■ TASK DESCRIPTION
Starting with the line that contains "Ansicht Haus mit Garage", reproduce each line through the end of the entries exactly as written.

Dataset excerpts
━━━━━━━━━━━━━━━━━━━━
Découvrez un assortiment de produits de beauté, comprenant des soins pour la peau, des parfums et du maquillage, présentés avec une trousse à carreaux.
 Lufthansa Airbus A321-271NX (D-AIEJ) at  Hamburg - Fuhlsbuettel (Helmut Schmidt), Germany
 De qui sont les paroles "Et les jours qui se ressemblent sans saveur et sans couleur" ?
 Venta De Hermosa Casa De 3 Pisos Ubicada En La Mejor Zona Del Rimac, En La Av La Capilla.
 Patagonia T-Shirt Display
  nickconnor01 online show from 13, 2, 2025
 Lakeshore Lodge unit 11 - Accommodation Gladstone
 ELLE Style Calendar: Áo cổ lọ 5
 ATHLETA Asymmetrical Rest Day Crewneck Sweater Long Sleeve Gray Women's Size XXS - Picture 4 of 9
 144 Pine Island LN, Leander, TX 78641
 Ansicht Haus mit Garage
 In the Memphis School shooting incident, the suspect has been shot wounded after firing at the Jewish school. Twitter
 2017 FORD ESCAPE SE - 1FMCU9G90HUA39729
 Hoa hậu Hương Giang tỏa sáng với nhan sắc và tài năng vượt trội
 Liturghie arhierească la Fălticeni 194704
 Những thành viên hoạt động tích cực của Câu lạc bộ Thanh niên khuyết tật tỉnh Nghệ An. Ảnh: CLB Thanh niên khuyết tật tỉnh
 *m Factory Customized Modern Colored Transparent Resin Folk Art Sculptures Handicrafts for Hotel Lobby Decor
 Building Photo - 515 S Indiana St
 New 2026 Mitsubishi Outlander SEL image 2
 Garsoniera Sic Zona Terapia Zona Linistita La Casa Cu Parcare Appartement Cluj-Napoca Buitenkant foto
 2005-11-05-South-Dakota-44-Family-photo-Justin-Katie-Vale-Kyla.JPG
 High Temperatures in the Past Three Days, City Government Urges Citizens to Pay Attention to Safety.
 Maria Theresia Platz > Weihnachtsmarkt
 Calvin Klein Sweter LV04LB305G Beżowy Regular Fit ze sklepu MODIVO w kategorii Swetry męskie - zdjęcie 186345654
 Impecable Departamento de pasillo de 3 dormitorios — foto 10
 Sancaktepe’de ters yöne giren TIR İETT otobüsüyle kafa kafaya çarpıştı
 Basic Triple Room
━━━━━━━━━━━━━━━━━━━━
■ YOUR RESPONSE
 Ansicht Haus mit Garage
 In the Memphis School shooting incident, the suspect has been shot wounded after firing at the Jewish school. Twitter
 2017 FORD ESCAPE SE - 1FMCU9G90HUA39729
 Hoa hậu Hương Giang tỏa sáng với nhan sắc và tài năng vượt trội
 Liturghie arhierească la Fălticeni 194704
 Những thành viên hoạt động tích cực của Câu lạc bộ Thanh niên khuyết tật tỉnh Nghệ An. Ảnh: CLB Thanh niên khuyết tật tỉnh
 *m Factory Customized Modern Colored Transparent Resin Folk Art Sculptures Handicrafts for Hotel Lobby Decor
 Building Photo - 515 S Indiana St
 New 2026 Mitsubishi Outlander SEL image 2
 Garsoniera Sic Zona Terapia Zona Linistita La Casa Cu Parcare Appartement Cluj-Napoca Buitenkant foto
 2005-11-05-South-Dakota-44-Family-photo-Justin-Katie-Vale-Kyla.JPG
 High Temperatures in the Past Three Days, City Government Urges Citizens to Pay Attention to Safety.
 Maria Theresia Platz > Weihnachtsmarkt
 Calvin Klein Sweter LV04LB305G Beżowy Regular Fit ze sklepu MODIVO w kategorii Swetry męskie - zdjęcie 186345654
 Impecable Departamento de pasillo de 3 dormitorios — foto 10
 Sancaktepe’de ters yöne giren TIR İETT otobüsüyle kafa kafaya çarpıştı
 Basic Triple Room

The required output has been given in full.